Original Research
Pentecostal theology regarding disability in African neo-Pentecostalism
Submitted: 01 August 2023 | Published: 19 January 2024
About the author(s)
Mookgo S. Kgatle, Department of Christian Spirituality, Church History and Missiology, Faculty of Humanities, University of South Africa, Pretoria, South AfricaAbstract
The Pentecostal approach to disability is currently informed by the imposed healing, deliverance, and performance of other miracles, particularly among neo-Pentecostals in Africa. This is also informed by the neo-Pentecostal pastor’s radical approach to the aspect of healing in Pentecostal theology. Therefore, instead of addressing disability from the point of environmental, social, and technological aspects, neo-Pentecostal pastors either impose healing on the disabled body, or blame them for a lack of faith.

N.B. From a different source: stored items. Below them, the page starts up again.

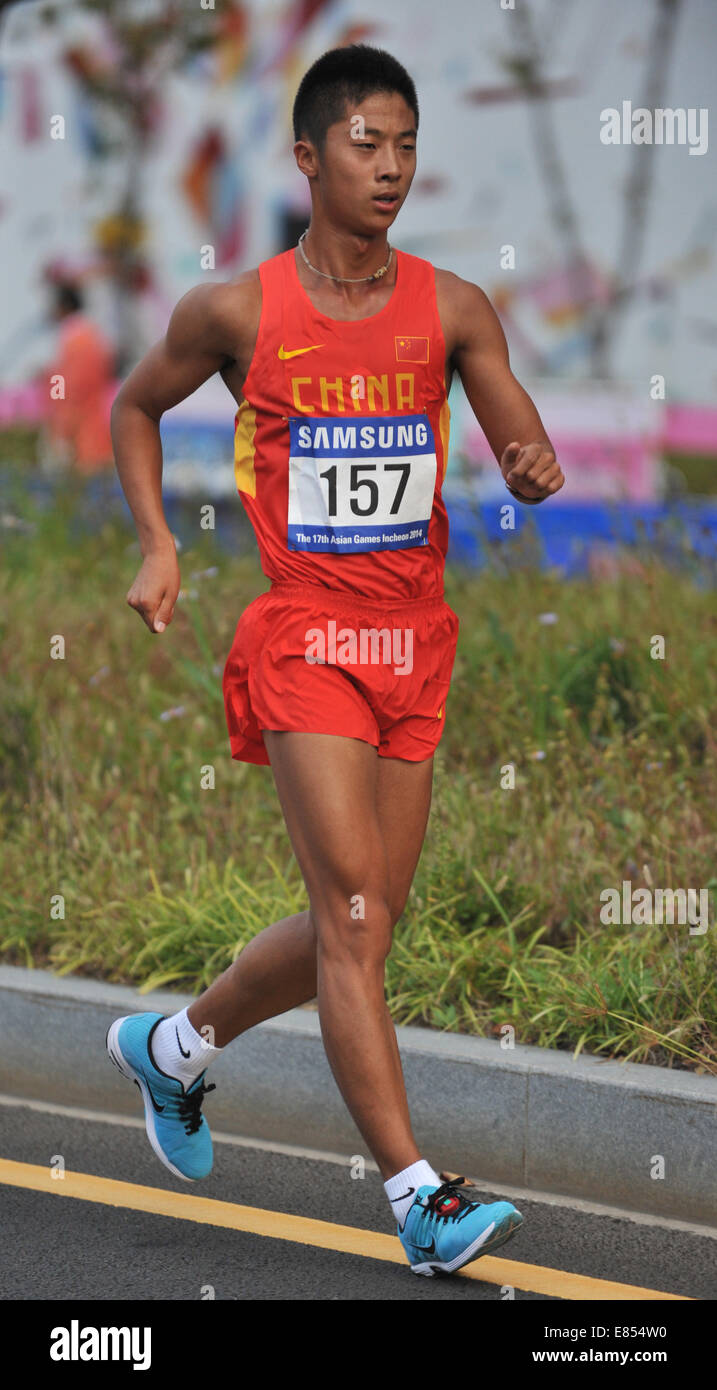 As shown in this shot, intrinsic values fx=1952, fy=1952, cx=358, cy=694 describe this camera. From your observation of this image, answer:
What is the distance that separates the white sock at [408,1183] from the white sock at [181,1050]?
23.7 inches

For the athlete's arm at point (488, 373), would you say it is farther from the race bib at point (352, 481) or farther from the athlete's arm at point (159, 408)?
the athlete's arm at point (159, 408)

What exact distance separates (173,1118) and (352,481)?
1.35 m

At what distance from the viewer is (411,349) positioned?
3.58 m

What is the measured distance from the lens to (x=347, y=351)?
11.7 ft

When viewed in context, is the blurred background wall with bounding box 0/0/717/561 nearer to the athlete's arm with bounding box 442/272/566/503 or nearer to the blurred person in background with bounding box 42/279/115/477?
the blurred person in background with bounding box 42/279/115/477

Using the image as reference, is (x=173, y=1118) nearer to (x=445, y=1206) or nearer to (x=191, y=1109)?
(x=191, y=1109)

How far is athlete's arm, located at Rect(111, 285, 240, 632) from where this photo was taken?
3.63 m

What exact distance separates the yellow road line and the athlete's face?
1935 millimetres

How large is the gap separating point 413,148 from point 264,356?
0.47m

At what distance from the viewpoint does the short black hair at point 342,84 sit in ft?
11.5

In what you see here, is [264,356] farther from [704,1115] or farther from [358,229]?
[704,1115]
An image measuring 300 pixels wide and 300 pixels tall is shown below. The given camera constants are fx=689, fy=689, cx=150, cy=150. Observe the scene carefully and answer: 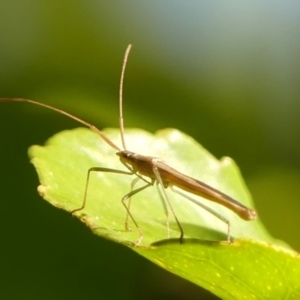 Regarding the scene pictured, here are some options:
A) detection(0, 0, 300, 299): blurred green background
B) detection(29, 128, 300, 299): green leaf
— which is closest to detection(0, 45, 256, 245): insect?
detection(29, 128, 300, 299): green leaf

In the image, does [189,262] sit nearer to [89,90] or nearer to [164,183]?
[164,183]

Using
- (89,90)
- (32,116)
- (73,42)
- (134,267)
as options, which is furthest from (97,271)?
(73,42)

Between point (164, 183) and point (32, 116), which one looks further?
point (32, 116)

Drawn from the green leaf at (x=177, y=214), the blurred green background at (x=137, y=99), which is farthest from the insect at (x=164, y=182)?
the blurred green background at (x=137, y=99)

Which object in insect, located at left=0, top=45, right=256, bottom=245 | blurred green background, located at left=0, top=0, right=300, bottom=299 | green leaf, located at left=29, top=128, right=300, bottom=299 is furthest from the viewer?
blurred green background, located at left=0, top=0, right=300, bottom=299

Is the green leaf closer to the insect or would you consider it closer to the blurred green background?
the insect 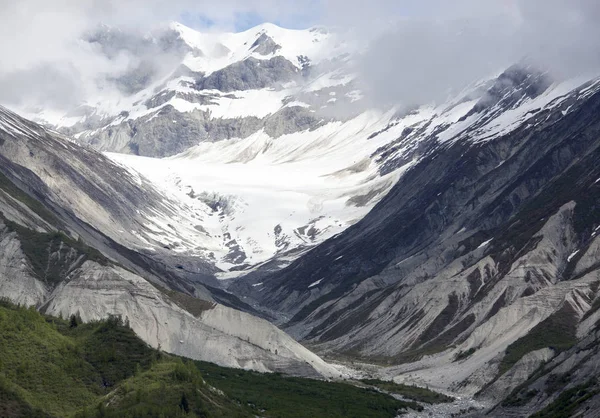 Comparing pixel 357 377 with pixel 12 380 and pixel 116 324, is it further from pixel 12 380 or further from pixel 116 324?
pixel 12 380

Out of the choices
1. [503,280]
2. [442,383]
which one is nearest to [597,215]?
[503,280]

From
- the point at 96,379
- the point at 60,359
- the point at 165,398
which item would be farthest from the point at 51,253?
the point at 165,398

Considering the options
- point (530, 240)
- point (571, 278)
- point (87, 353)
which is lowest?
point (87, 353)

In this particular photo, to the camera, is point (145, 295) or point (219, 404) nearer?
point (219, 404)

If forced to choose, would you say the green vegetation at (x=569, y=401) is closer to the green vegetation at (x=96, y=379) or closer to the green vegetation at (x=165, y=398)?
the green vegetation at (x=96, y=379)

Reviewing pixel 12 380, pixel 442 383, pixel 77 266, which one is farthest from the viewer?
pixel 77 266

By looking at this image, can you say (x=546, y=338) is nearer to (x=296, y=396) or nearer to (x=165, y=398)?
(x=296, y=396)

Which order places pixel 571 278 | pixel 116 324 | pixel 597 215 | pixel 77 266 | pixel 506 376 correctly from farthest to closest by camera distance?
pixel 597 215, pixel 571 278, pixel 77 266, pixel 506 376, pixel 116 324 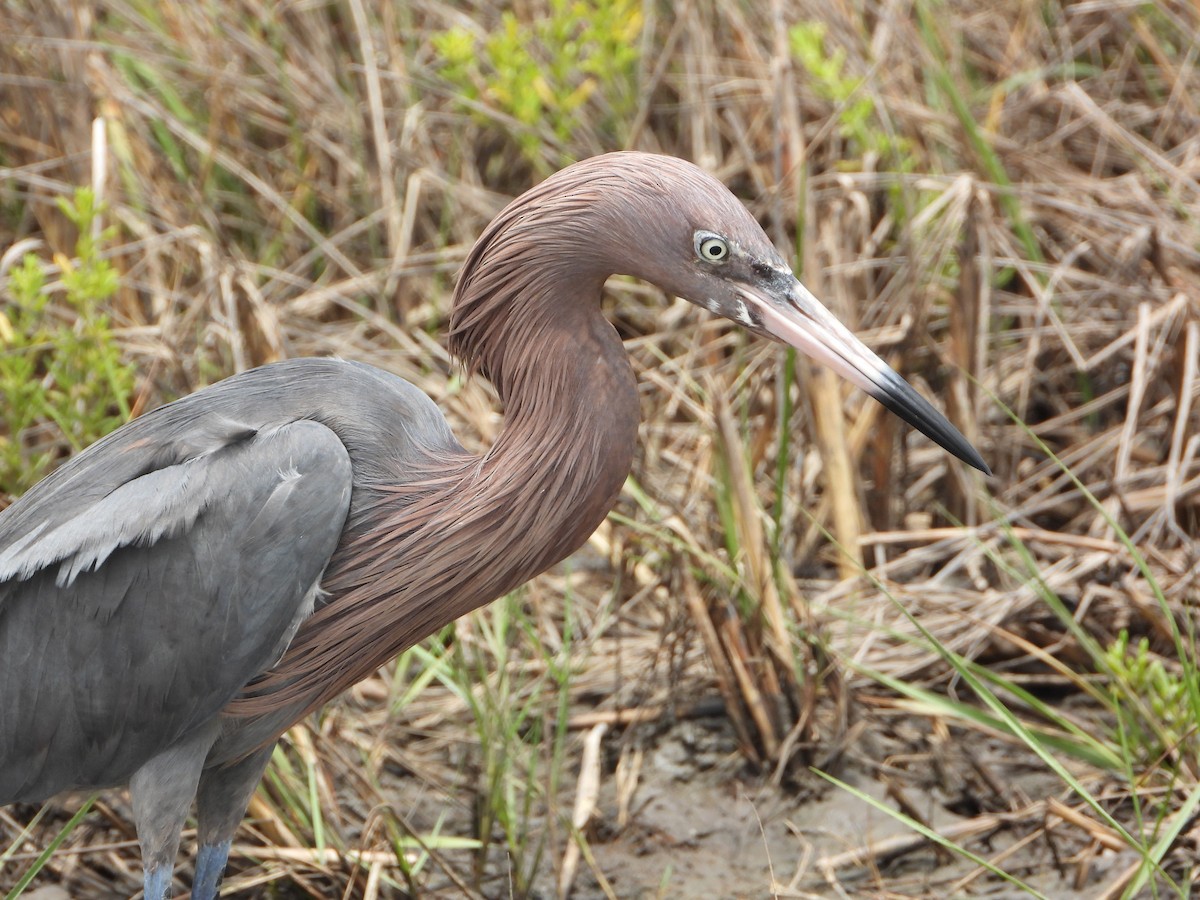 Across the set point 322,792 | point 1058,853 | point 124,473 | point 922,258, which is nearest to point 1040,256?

This in a way presents some power dynamics between the abled neo-Pentecostal pastors’ bodies and the disabled congregant bodies. This article uses a critical theory, to argue that the development of the Pentecostal theology of disability should take cognisance of the environmental, social, and technological factors. When this is done, a Pentecostal setting in the form of a church service, crusade, or revival will not become a place of imposed healing and deliverance, but an environmentally, socially, and technologically friendly one, that is conducive to those living with a disability.
Contribution: This article highlighted the importance of the environmental, social, and technological factors in the construction of a Pentecostal theology of disability among the neo-Pentecostal churches, in an African context.